EVIDENTIARY OBJECTIONS
The court rules on defendants Affeld Grivakes LLP and David Affeld’s
evidentiary objections, filed on March 15, 2024, as follows:
The court sustains Objections Nos. 2-5.
The court overrules Objection No. 1.
LEGAL STANDARD
The purpose of a motion for summary judgment or summary
adjudication “is to provide courts with a mechanism to cut through the parties’
pleadings in order to determine whether, despite their allegations, trial is in
fact necessary to resolve their dispute.”
(Aguilar v. Atlantic Richfield Co.
(2001) 25 Cal.4th 826, 843.) “Code
of Civil Procedure section 437c, subdivision (c), requires the trial judge to
grant summary judgment if all the evidence submitted, and ‘all inferences
reasonably deducible from the evidence’ and uncontradicted by other inferences
or evidence, show that there is no triable issue as to any material fact and
that the moving party is entitled to judgment as a matter of law.” (Adler
v. Manor Healthcare Corp. (1992) 7 Cal.App.4th 1110, 1119.)
“On a motion for summary judgment, the initial burden is always on
the moving party to make a prima facie showing that there are no triable issues
of material fact.” (Scalf v. D.B. Log Homes, Inc. (2005) 128 Cal.App.4th 1510,
1519.) A defendant or cross-defendant
moving for summary judgment or summary adjudication “has met his or her burden
of showing that a cause of action has no merit if the party has shown that one
or more elements of the cause of action . . . cannot be established, or that
there is a complete defense to the cause of action.” (Code Civ.
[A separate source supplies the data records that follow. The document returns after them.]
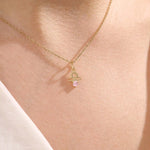 Model wears a 14k gold Libra zodiac pendant necklace featuring pink tourmaline. Perfect for Libra zodiac birthdays and gifts.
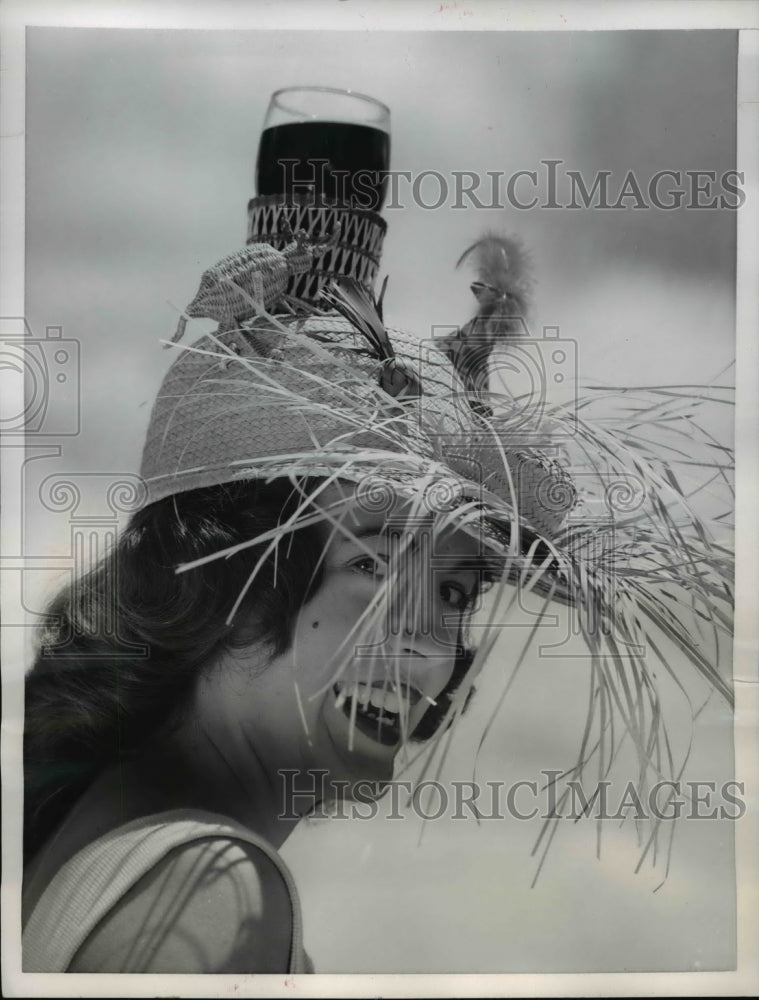 Load image into Gallery viewer, 1956 Press Photo of Jo Tapley wearing a fringed beach hat.

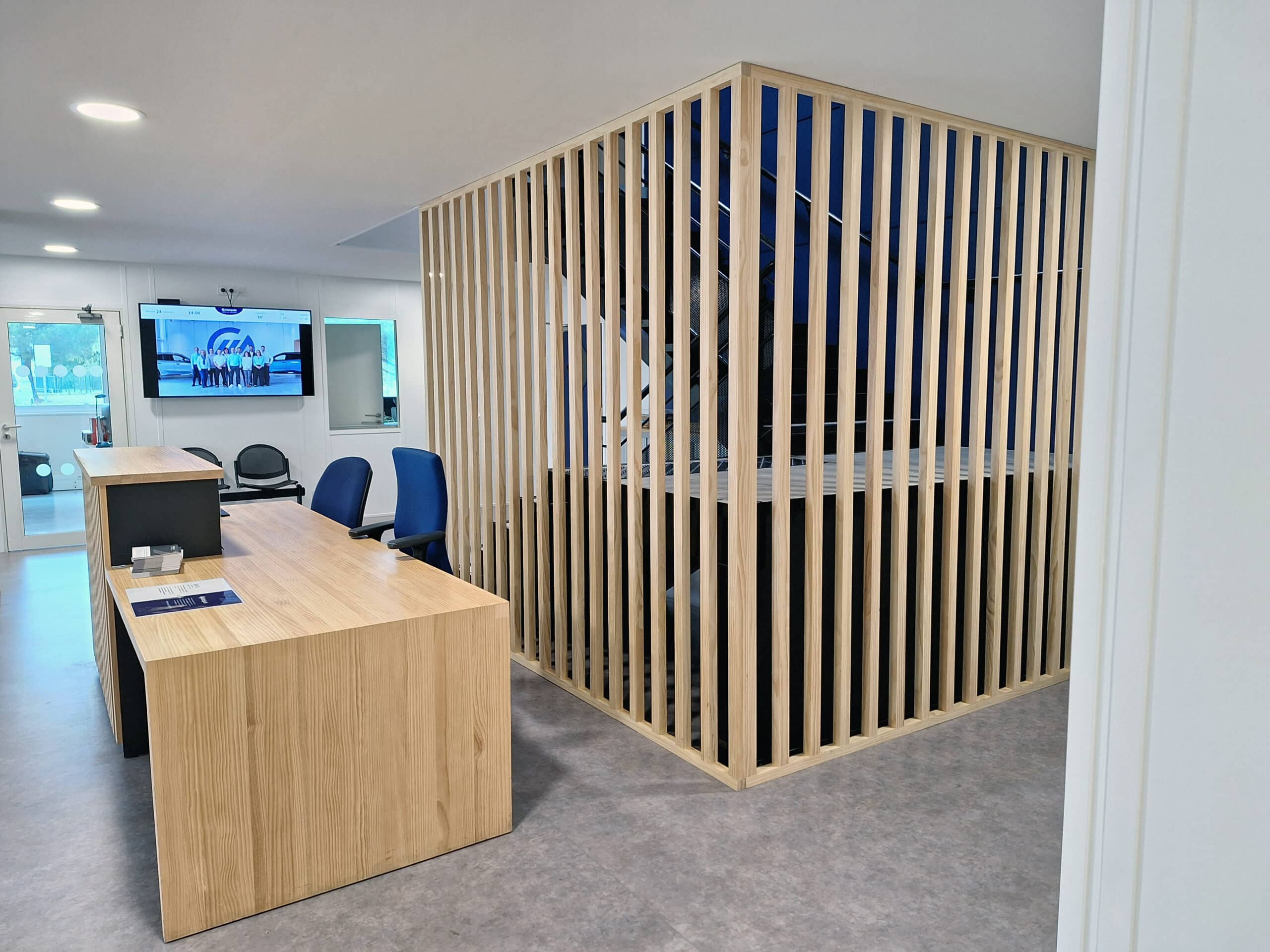 Bureau d'accueil moderne avec comptoir en bois clair, séparateur à claire-voie en bois, chaises bleues, et écran affichant une équipe et la mention "GA".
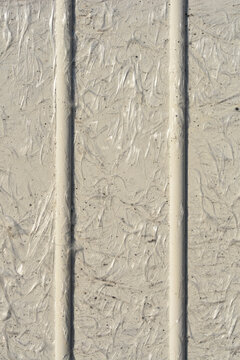 A close up texture background of white fiberglass panel showing visible glass fibers and two vertical lines.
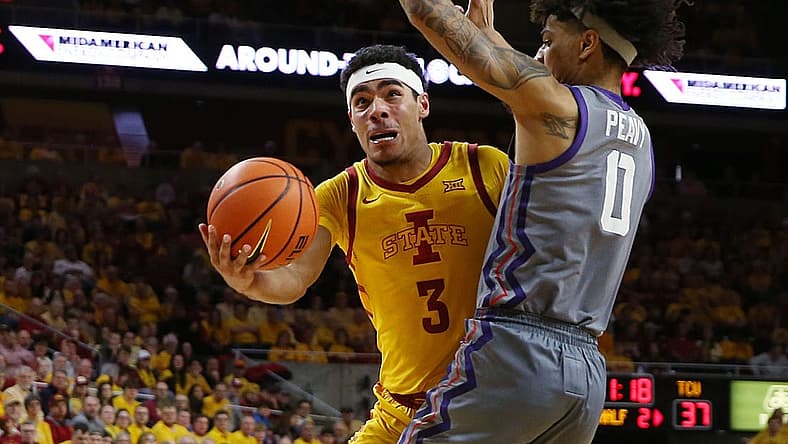 Iowa State Cyclones guard Tamin Lipsey (3) lays up the ball around TCU Horned Frogs guard Micah Peavy (0) during the second half in the Big-12 conference showdown of a NCAA college basketball at Hilton Coliseum on Saturday, Feb. 10, 2024, in Ames, Iowa.
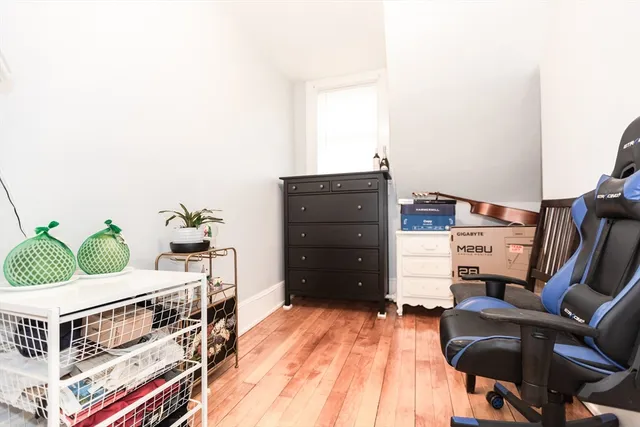 a living room with furniture and lamp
Proc.,
§ 437c, subd. (p)(2).) “Once the
defendant or cross-defendant has met that burden, the burden shifts to the
plaintiff or cross-complainant to show that a triable issue of one or more
material facts exists as to the cause of action or a defense thereto.” (Code Civ. Proc., § 437c, subd. (p)(2).) “If the plaintiff cannot do so, summary
judgment should be granted.” (Avivi v. Centro
Medico Urgente Medical Center (2008) 159 Cal.App.4th 463, 467.) “When deciding whether to grant summary
judgment, the court must consider all of the evidence set forth in the papers
(except evidence to which the court has sustained an objection), as well as all
reasonable inferences that may be drawn from that evidence, in the light most
favorable to the party opposing summary judgment.” (Id. at
p. 467; Code Civ. Proc., § 437c, subd. (c).)
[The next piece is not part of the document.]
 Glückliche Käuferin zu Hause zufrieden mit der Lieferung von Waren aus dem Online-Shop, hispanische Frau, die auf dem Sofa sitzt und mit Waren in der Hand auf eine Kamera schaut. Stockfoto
Defendants Affeld Grivakes LLP and David
Affeld ( “Defendants”) move the court for an order granting summary
adjudication in their favor and against plaintiffs Michael LaPorta and Beverlee
LaPorta (“Plaintiffs”) (1) on the first cause of action for legal malpractice
as to the claim that Defendants failed to convey to Plaintiffs a settlement
offer in the underlying litigation, and (2) on the second cause of action for
breach of fiduciary duty as to the claim that Defendants failed to convey to
Plaintiffs a settlement offer in the underlying litigation.
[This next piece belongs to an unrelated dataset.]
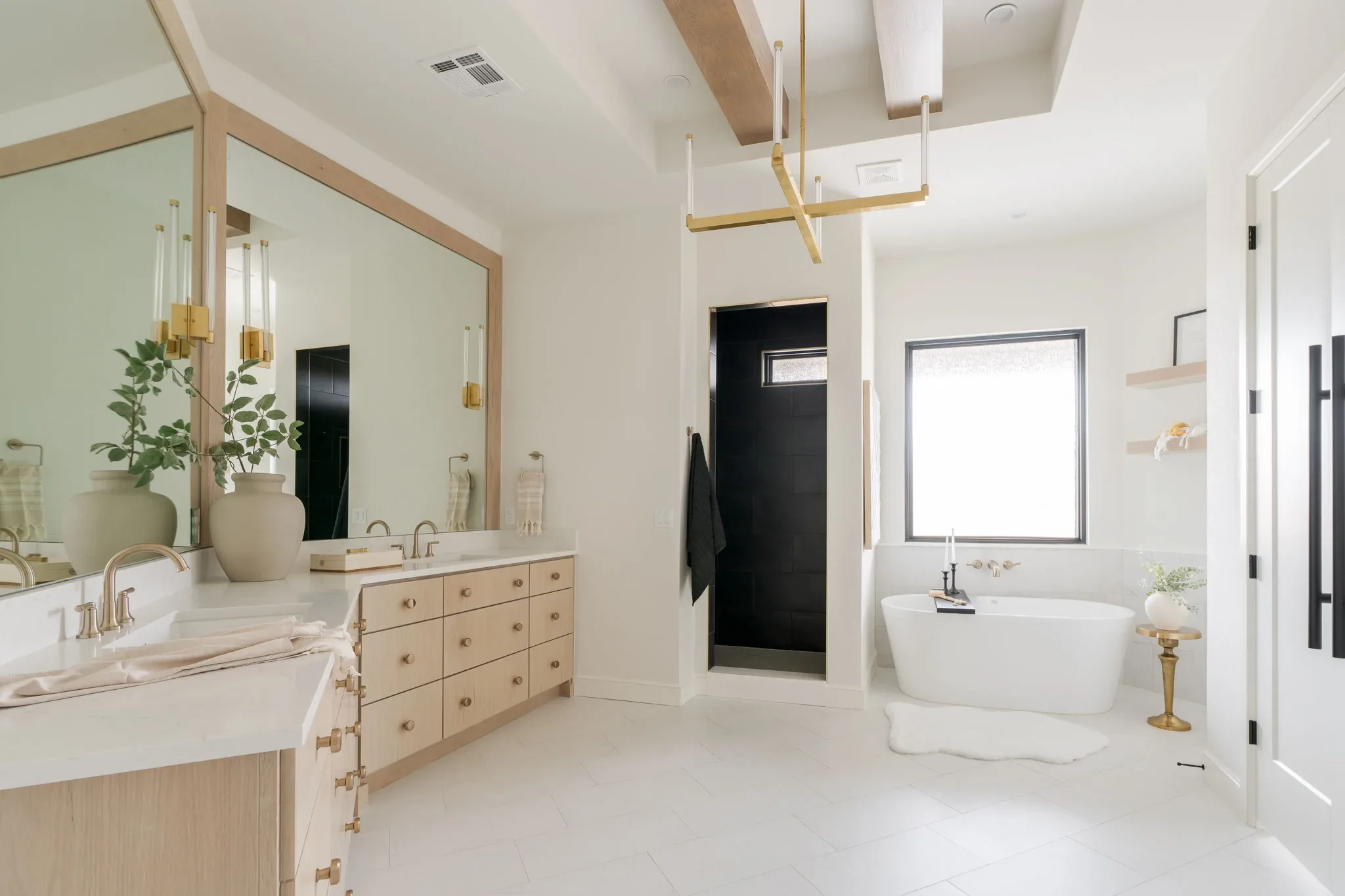 Primary bathroom with an oak double vanity and freestanding tub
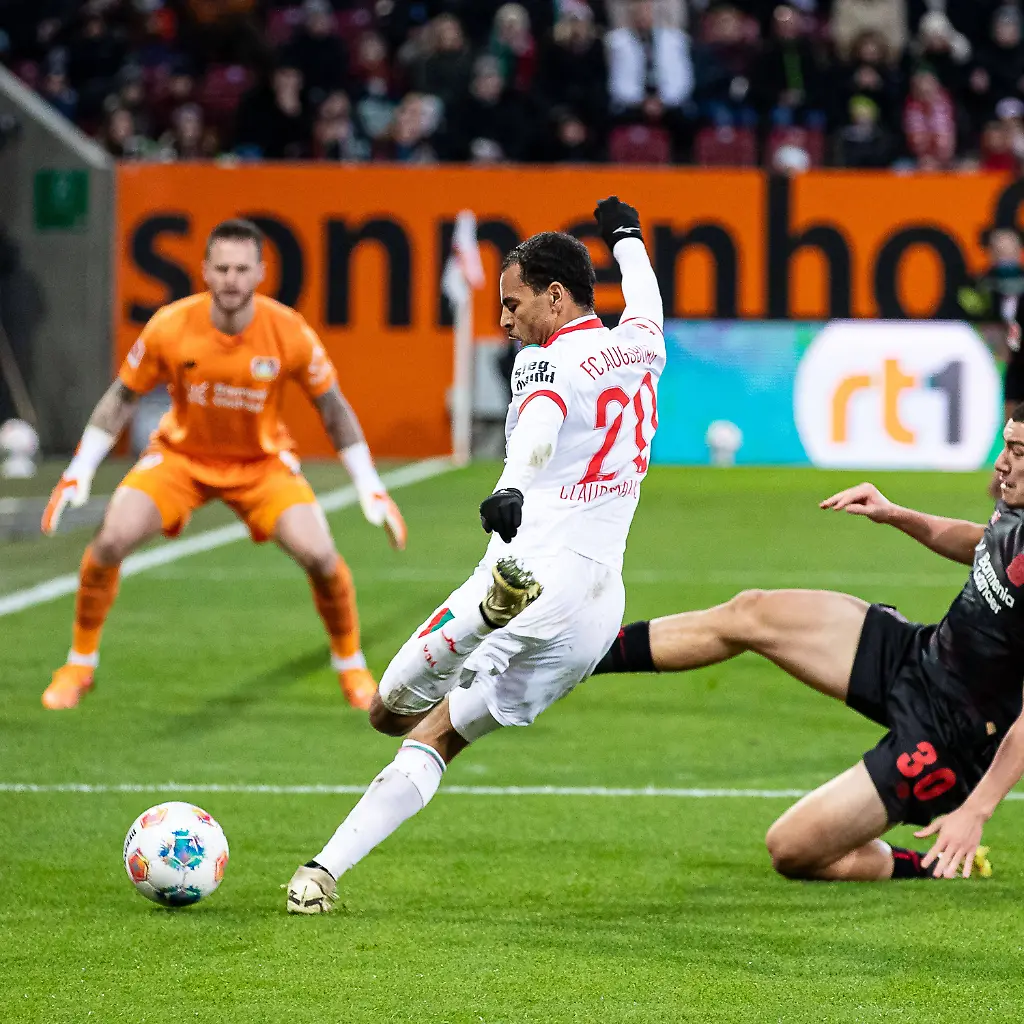 angriff-von-Alexis-Claude-Maurice-FC-Augsburg-20-vs-Ibrahim-Maza-Bayer-04-Leverkusen-30-GER-FC-Augsburg-vs-Bayer-04-Leverkusen-1-Bundesliga-Fussball-13-Spieltag-Saison-2025-2026-06-12-2025-DFB-DFL-REGULATIONS-PROHIBIT-ANY-USE-OF-PHOTOGRAPHS-AS-IMAGE-SEQUENCES-AND-OR-QUASI-VIDEO-GER-FC-Augsburg-vs-Bayer-04-Leverkusen-1-Bundesliga-Fussball-13-Spieltag-Saison-2025-2026-06-12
As noted by Defendants, “[a] motion for
summary adjudication shall be granted only if it completely disposes
of a cause of action, an affirmative defense, a claim for damages, or an issue
of duty.” (Code Civ. Proc., § 437c,
subd. (f)(1) [emphasis added].) However,
“[a] recognized exception to the statutory language [set forth in section 437c,
subdivision (f)(1)] holds that where two or more separate and distinct wrongful
acts are combined in the same cause of action in a complaint, a party may
present a summary adjudication motion that pertains to some, but not all, of
the separate and distinct wrongful acts.” (Blue Mountain Enterprises, LLC v. Owen (2022)
74 Cal.App.5th 537, 549, citing Lilienthal & Fowler v. Superior Court (1993)
12 Cal.App.4th 1848, 1854-1855 [“under subdivision (f) of section 437c, a party
may present a motion for summary adjudication challenging a separate and
distinct wrongful act even though combined with other wrongful acts alleged in
the same cause of action”].) “That is
because each separate and distinct wrongful act is an invasion of a separate
and distinct primary right, and each violation of a primary right is a separate
and distinct ‘cause of action’ – regardless of how the claim is presented in
the complaint.” (Blue Mountain
Enterprises, LLC, supra, 74 Cal.App.5th at p. 549.)
The court finds that Plaintiffs’ first cause
of action for legal malpractice is based on several “separate and distinct
wrongful acts [i.e., breaches][,]” including Defendants’ alleged (1) failure to diligently prosecute the
underlying matter, (2) failure to honestly disclose developments in the matter,
including offers in settlement, (3) misrepresentation of the amount of
settlement offers and the failure to disclose such offers, (4) disparagement of
Plaintiffs in a discriminatory manner, (5) abandonment of Plaintiffs, (6)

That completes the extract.